PROBLEM TO WORK ON:
In the material below, find the line with "Women's - Instant" and the line with "Handgehämmerter Titan-Wok &". Output exactly those two lines and all lines between them, leaving out pictures.

DATA FOR ANALYSIS:
/---
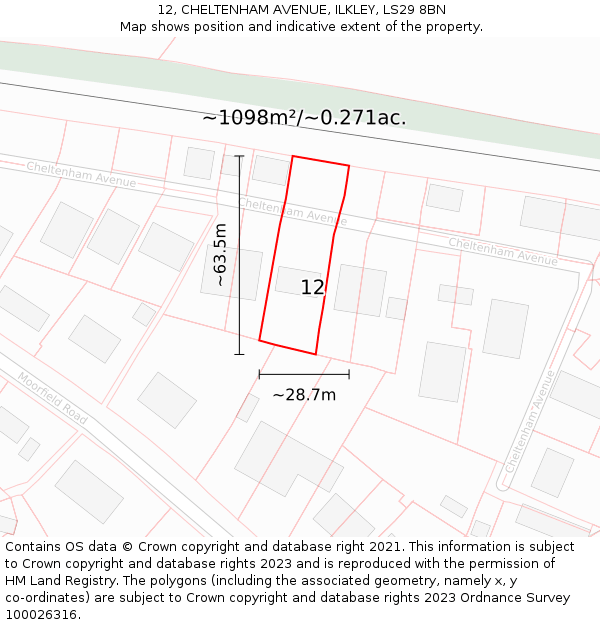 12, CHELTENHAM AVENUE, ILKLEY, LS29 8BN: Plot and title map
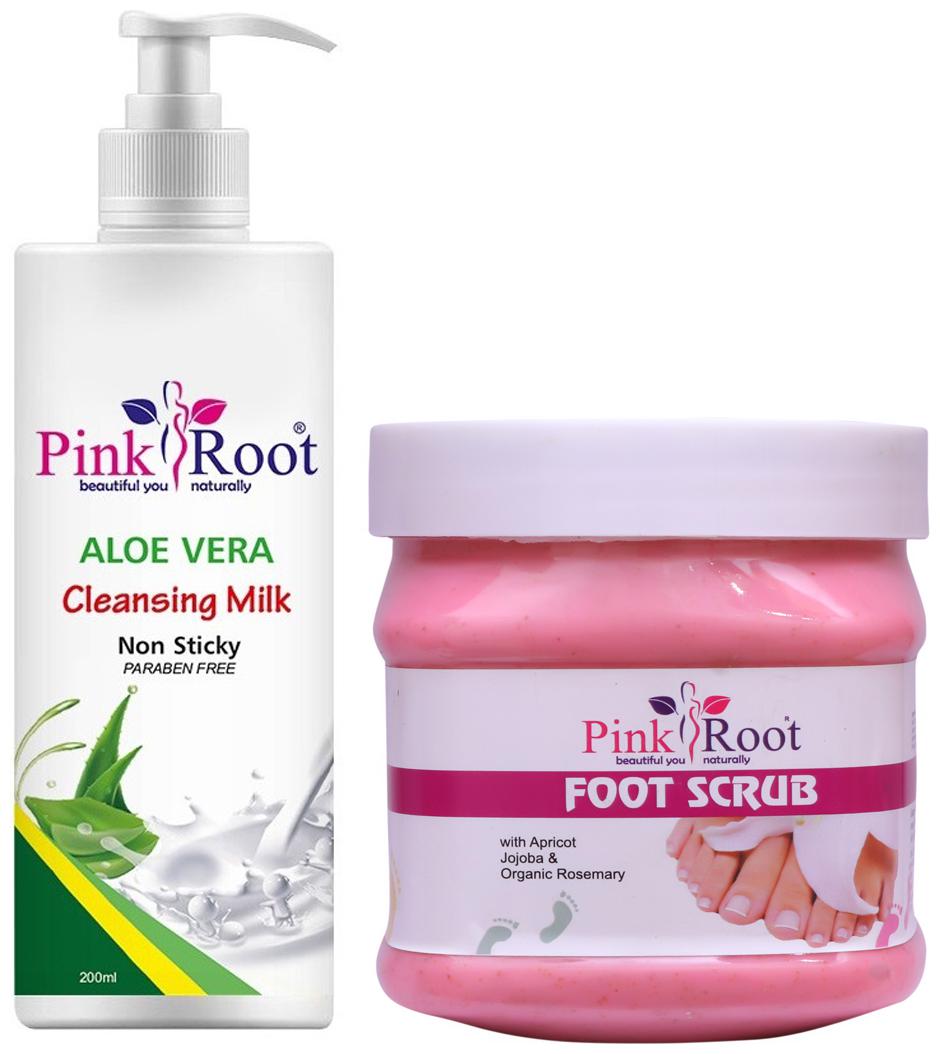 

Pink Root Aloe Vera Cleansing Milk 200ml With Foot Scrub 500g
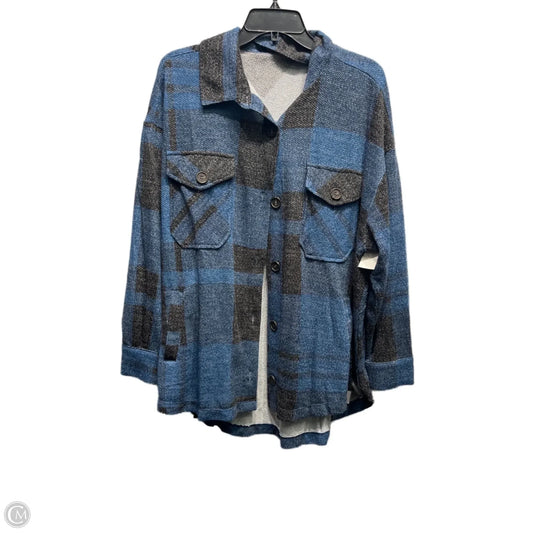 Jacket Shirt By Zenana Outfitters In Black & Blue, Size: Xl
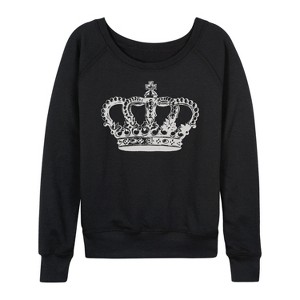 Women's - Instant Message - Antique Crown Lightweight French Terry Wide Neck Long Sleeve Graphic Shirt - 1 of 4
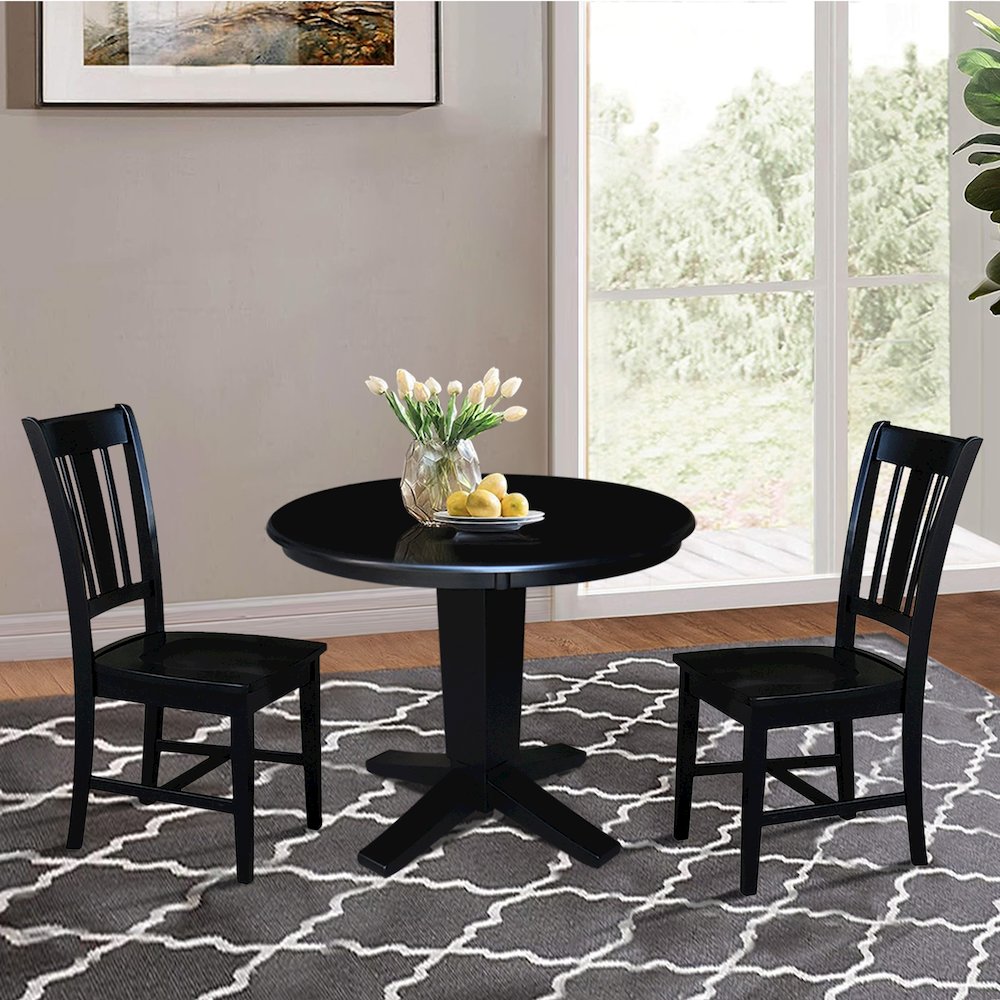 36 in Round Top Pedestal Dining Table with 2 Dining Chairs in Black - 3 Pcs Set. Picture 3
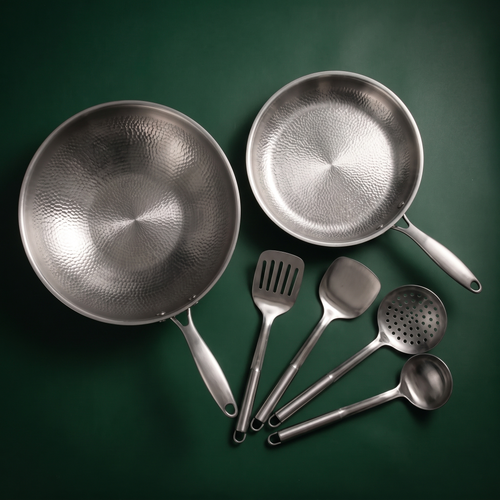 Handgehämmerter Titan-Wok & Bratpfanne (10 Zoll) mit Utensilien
\---
/---
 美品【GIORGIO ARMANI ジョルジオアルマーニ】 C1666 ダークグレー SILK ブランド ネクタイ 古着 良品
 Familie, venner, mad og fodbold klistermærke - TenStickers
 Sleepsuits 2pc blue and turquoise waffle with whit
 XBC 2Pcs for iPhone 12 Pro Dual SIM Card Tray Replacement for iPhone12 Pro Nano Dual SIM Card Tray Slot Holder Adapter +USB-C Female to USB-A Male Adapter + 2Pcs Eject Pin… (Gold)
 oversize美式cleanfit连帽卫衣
\---
COMPLETED EXERCISE:
 Women's - Instant Message - Antique Crown Lightweight French Terry Wide Neck Long Sleeve Graphic Shirt - 1 of 4
 36 in Round Top Pedestal Dining Table with 2 Dining Chairs in Black - 3 Pcs Set. Picture 3
 Handgehämmerter Titan-Wok & Bratpfanne (10 Zoll) mit Utensilien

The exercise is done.